Logical Transformers: Infusing Logical Structures into Pre-Trained Language Models
- Borui Wang ,
- Qiuyuan Huang ,
- Budhaditya Deb ,
- Aaron L. Halfaker ,
- Liqun Shao ,
- Daniel McDuff ,
- Ahmed Awadallah ,
- Dragomir Radev ,
- Jianfeng Gao
Natural language has a logical structure and information, the understanding of which is essential for many language-based tasks. Existing pre-trained language models based on transformer architectures mostly adopt a classical design for constructing their input embeddings that ignores the logical structures underlying natural language texts, thus limiting their ability to better capture and encode main logical information in the input sequences.
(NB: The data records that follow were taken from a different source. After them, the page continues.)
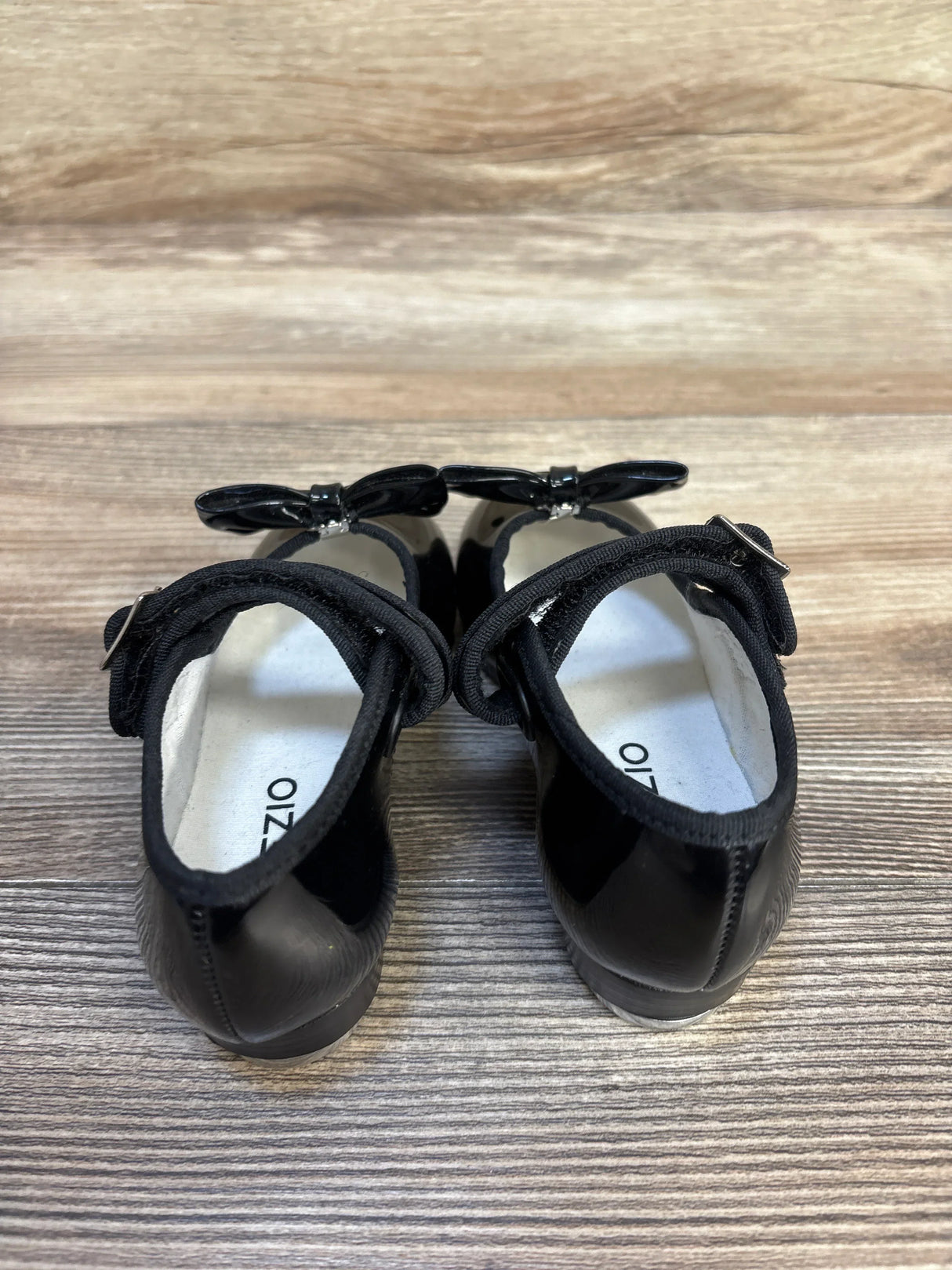 Pair of black toddler dress shoes with bows on wooden floor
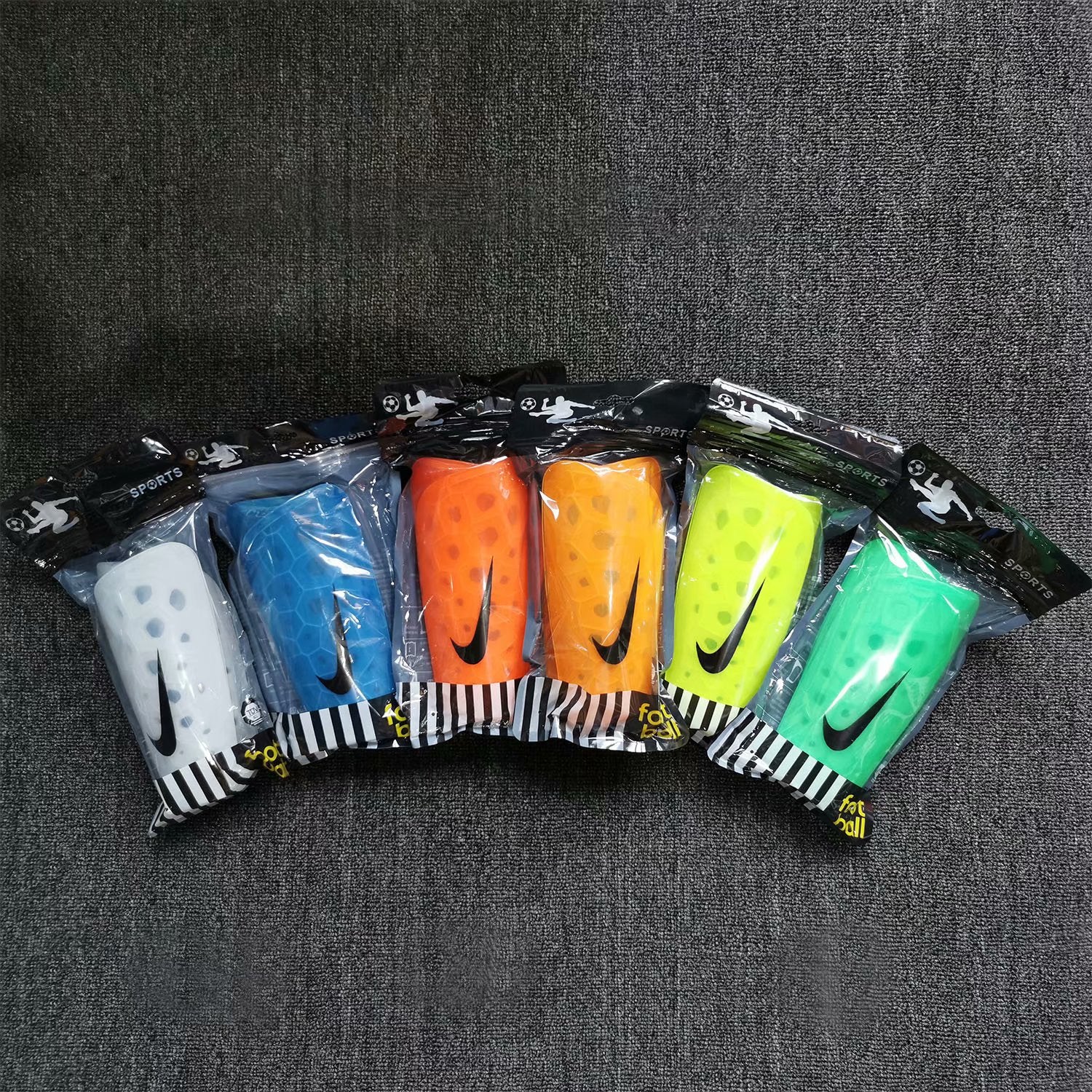 Caneleira Nike Version | Acessórios Esportivos (Entregas Acima de 20€)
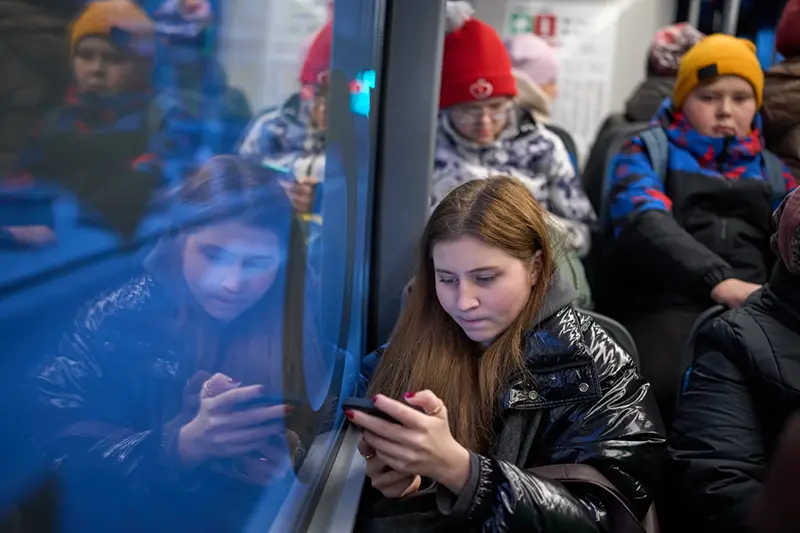 A woman looks at her smartphone on a bus in Moscow, Russia, Wednesday, Dec. 3, 2025. (AP Photo/Alexander Zemlianichenko, File)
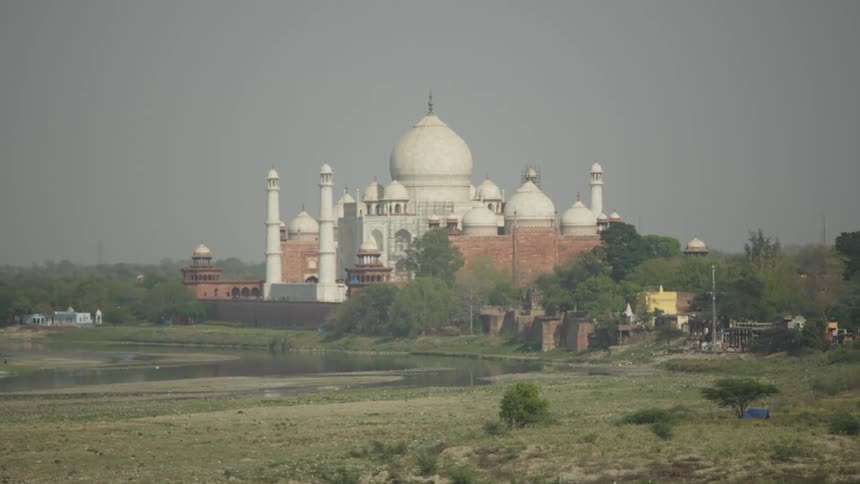 The Taj Mahal is in the distance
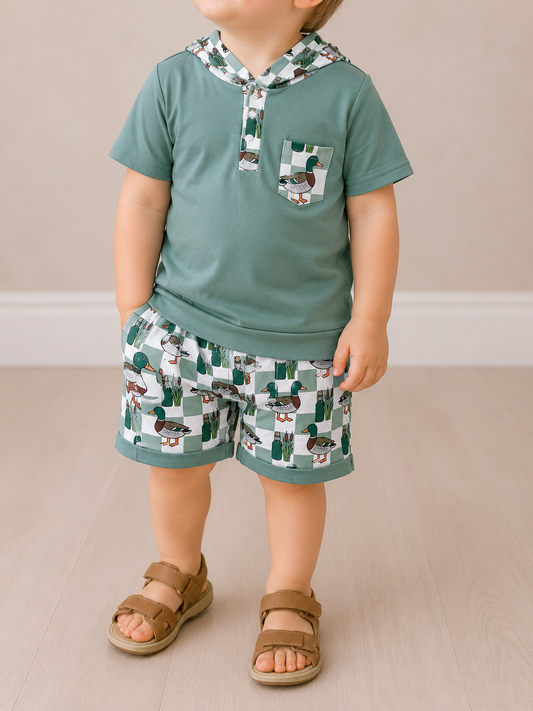 A young child stands indoors wearing the Pond Patrol Short Set by Tiny Tot Bundles, featuring a teal short-sleeve hoodie with a patterned pocket and matching shorts. The child's face is not visible.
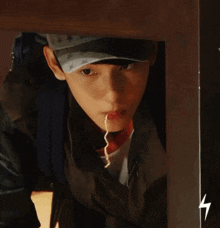 a young man wearing a hat and a leather jacket is looking out from under a table .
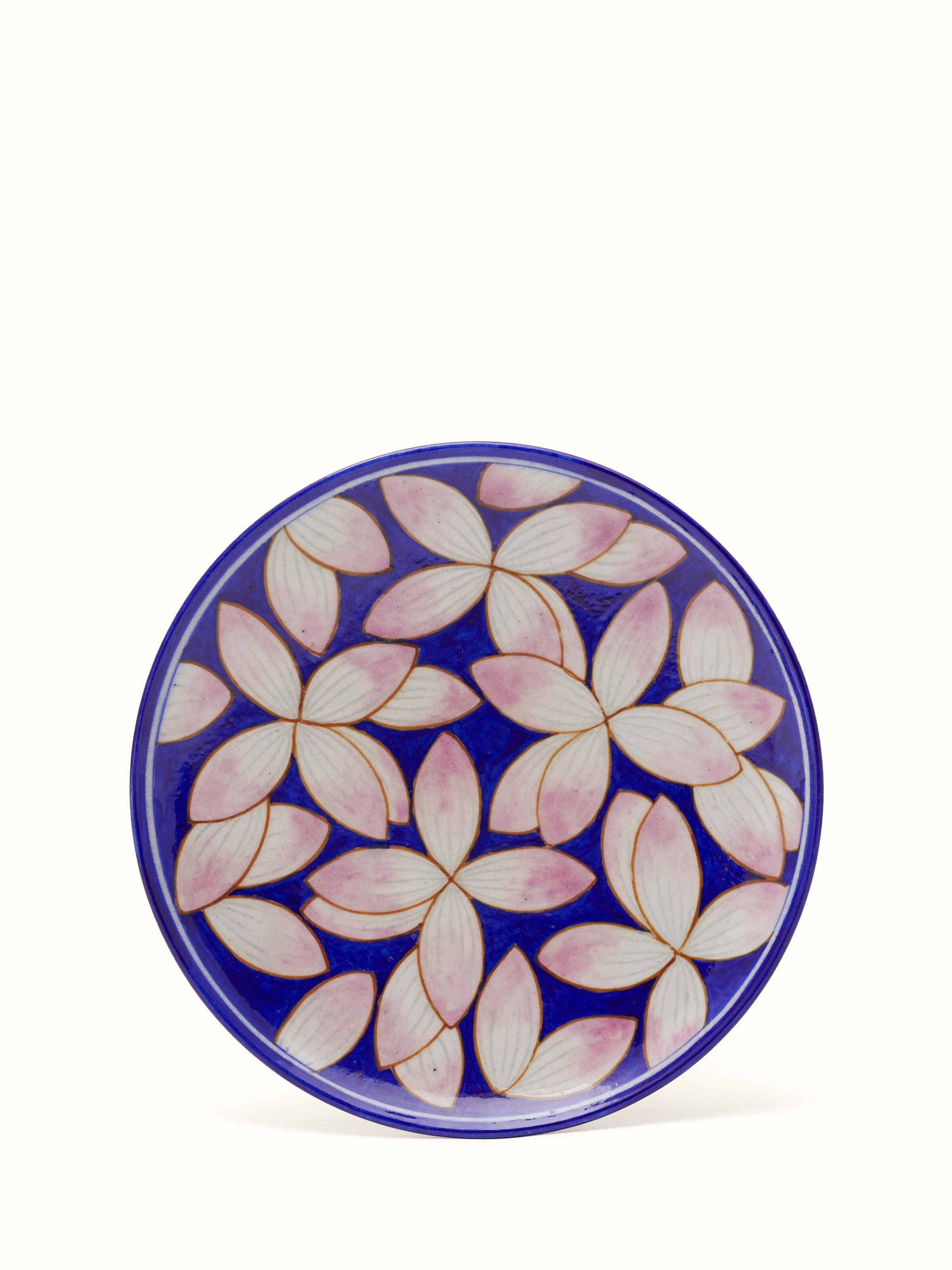 Blue pottery petals display plate with floral patterns and intricate detailing.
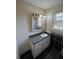 A full bathroom features a single sink vanity with a framed mirror and black tiled flooring at 1110 Pickett St, Moncks Corner, SC 29461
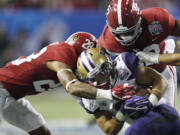 Washington running back Myles Gaskin (9) is tackled by Alabama defenders in last yera’s Peach Bowl. This year, Gaskin and other Husky returners are no longer in awe of playing in a big-time bowl game.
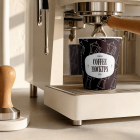 A dark paper coffee cup sitting directly under the group head of a modern cream-colored espresso machine, next to a wooden tamper.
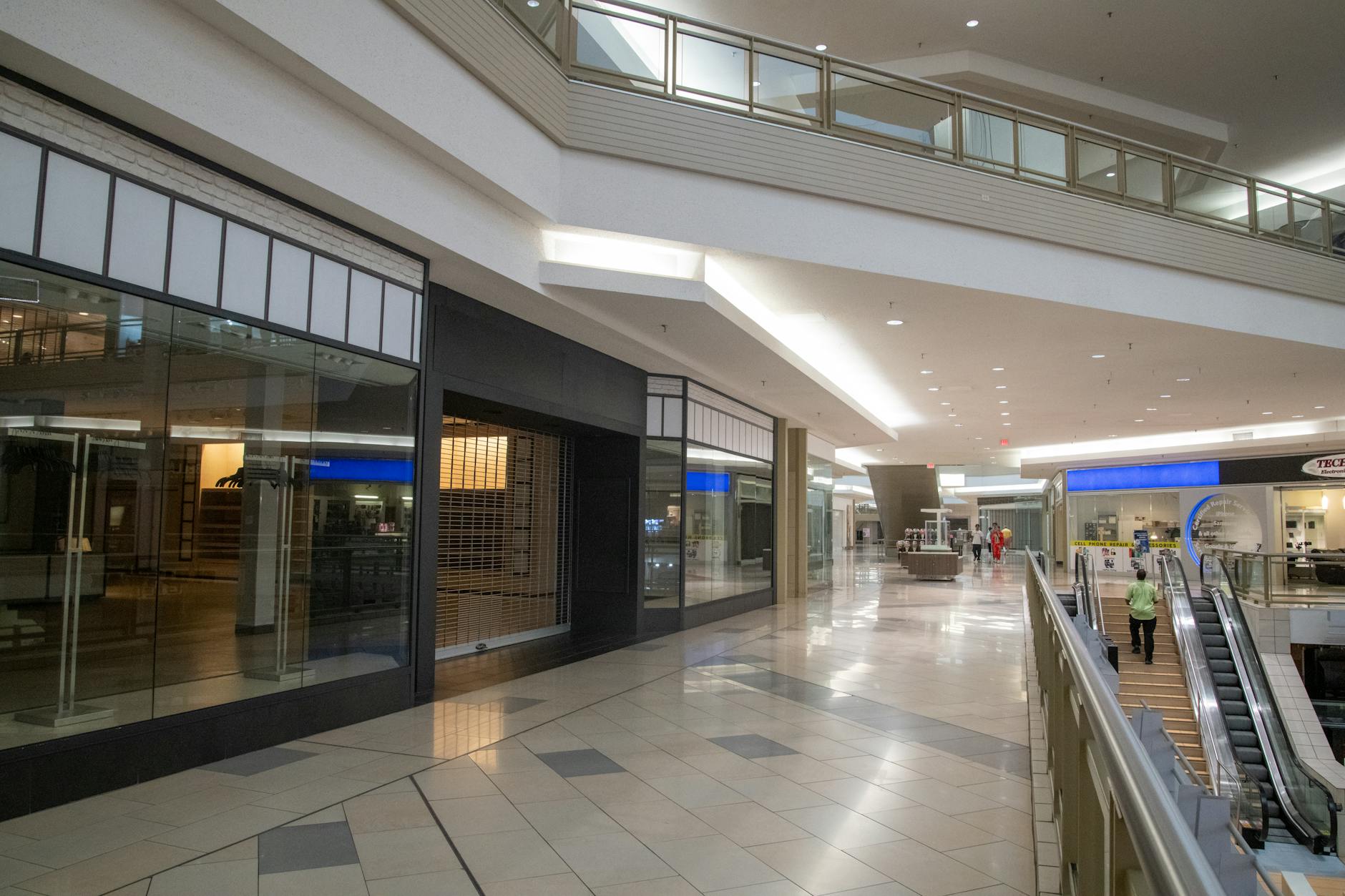 Empty shopping mall interior with vacant storefronts and walkways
To overcome such limitations, we first propose a novel approach to construct logic-aware input embeddings for transformer language models through a combination of logic detection, logic mapping and hierarchical logical projections, and then develop a corresponding new modeling paradigm that can upgrade all existing transformer language models into logical transformers to consistently boost their performance on different NLU and NLG tasks. Our empirical experiments on three challenging abstractive text summarization tasks demonstrate that our proposed logical transformer language approach achieves consistently superior performance over their baseline transformer models through a deeper understanding of the logical structures of the source texts.